The Council of Major Superiors of Women Religious () (CMSWR) is one of two associations of the leaders of congregations of Catholic women religious in the United States (the other being the Leadership Conference of Women Religious). , CMSWR includes the leaders of 112 religious congregations which have a total membership of approximately 5,700 women religious in the United States.

Established on 12 June 1992 with provisional approval by the Holy See's Congregation for Institutes of Consecrated Life and Societies of Apostolic Life, it obtained definitive approval on 26 October 1995 under the pontificate of Pope John Paul II.

The council's purpose is to promote collaboration and inter-communication among its members, participation, dialogue and education about the teaching of the Catholic Church on the religious life, unity with the Pope and cooperation with the United States Conference of Catholic Bishops.

CMSWR is one of four United States federations of institutes of consecrated life and societies of apostolic life that have received approval from the Holy See, the others being the Conference of Major Superiors of Men's Institutes USA, the Leadership Conference of Women Religious, and the US Conference of Secular Institutes.

History
In the 1980s, several religious communities saw the Leadership Conference of Women Religious, which had been established on December 12, 1959 under the name "Conference of Major Superiors of Women in the United States", as turning towards secular and political interests and as supporting dissent from the Church's teaching.
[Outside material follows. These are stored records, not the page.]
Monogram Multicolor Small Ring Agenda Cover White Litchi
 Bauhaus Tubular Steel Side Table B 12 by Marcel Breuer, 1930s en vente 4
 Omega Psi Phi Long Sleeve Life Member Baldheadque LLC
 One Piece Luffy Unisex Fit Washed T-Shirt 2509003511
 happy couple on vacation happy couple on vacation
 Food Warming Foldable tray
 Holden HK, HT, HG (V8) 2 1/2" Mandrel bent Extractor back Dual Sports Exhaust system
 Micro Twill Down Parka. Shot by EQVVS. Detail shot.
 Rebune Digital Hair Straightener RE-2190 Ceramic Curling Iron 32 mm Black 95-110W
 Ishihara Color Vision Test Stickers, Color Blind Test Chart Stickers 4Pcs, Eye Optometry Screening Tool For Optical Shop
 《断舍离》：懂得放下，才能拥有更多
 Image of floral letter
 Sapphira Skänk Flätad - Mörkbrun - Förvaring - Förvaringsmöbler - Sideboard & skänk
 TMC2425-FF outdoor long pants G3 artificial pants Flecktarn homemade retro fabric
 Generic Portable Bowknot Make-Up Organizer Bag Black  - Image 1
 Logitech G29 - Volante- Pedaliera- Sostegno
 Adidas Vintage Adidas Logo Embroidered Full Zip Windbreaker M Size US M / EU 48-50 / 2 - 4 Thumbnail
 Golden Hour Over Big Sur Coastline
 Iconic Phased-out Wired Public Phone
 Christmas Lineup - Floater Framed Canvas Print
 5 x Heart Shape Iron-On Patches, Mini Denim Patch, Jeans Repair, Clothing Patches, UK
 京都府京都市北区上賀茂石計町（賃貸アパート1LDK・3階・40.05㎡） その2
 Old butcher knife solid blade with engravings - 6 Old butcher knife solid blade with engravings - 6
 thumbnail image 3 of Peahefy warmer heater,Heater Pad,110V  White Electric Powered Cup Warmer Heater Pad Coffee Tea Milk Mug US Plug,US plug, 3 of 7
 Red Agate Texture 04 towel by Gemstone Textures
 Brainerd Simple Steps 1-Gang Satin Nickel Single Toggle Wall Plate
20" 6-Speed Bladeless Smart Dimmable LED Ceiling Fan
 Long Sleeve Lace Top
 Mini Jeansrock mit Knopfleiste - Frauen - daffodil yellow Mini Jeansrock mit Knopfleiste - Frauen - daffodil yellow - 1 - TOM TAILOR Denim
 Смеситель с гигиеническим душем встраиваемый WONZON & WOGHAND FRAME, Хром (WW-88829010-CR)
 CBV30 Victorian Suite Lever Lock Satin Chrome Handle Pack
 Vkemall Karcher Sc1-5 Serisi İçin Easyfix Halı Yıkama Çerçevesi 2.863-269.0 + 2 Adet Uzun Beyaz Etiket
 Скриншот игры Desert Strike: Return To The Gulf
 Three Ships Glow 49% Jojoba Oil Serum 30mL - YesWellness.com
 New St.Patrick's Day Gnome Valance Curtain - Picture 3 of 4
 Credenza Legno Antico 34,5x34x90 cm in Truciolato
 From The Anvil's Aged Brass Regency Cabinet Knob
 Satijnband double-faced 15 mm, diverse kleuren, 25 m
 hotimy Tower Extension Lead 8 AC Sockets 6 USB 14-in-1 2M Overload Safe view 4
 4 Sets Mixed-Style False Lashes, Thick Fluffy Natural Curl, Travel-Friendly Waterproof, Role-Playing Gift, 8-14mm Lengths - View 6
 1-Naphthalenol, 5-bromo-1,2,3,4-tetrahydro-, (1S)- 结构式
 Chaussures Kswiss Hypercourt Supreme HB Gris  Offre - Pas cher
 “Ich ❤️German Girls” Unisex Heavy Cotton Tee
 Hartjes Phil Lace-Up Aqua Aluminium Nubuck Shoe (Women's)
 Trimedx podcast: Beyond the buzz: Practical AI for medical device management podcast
They asked to be authorized to form a parallel association clearly loyal to the Magisterium, and the Holy See finally granted their request in 1992.

CMSWR members differ from those of the LCWR in having "major superiors" rather than "leaders" and in wearing recognizable religious habits. Their institutes have only 20% of the women religious of the United States, but they are younger, and growing in numbers.

According to the 2009 Study on Recent Vocations by the Center for Applied Research in the Apostolate, the average median age of nuns and sisters in CMSWR institutes was 60, compared with 74 for those in LCWR; among those joining CMSWR institutes only 15% were over 40, compared with 56% for LCWR institutes; 43% of the CMSWR institutes had at least 5 novices, compared with 9% of the LCWR institutes.

In January 2009, the Congregation for Institutes of Consecrated Life and Societies of Apostolic Life announced it would conduct an apostolic visitation of American women religious to examine their quality of life, ministries, and vocation efforts. The congregation under the leadership of Cardinal Franc Rode, appointed Superior General Mother Mary Clare Millea to oversee the visitation. The council welcomed the visitation and encouraged members to cooperate fully.

In October 2010, the council's chairperson Sister Regina Marie Gorman and former chairperson Sister Ann Marie Karlovic O.P. met with Pope Benedict XVI at the Apostolic Palace in Rome.

In March 2012, the council celebrated their 20th founding anniversary and its board of directors met with Archbishop Salvatore Fisichella, president of the Pontifical Council for the Promotion of the New Evangelisation.

Current officers
, the CMSWR Chairperson is Mother Mary McGreevy, RSM, (Superior General, Religious Sisters of Mercy); the Assistant Chairperson is Mother Anna Grace Neean, OP (Prioress General, Dominican Sisters of St. Cecilia). The current Episcopal Liaison, appointed by the Holy See  is Cardinal Justin Francis Rigali.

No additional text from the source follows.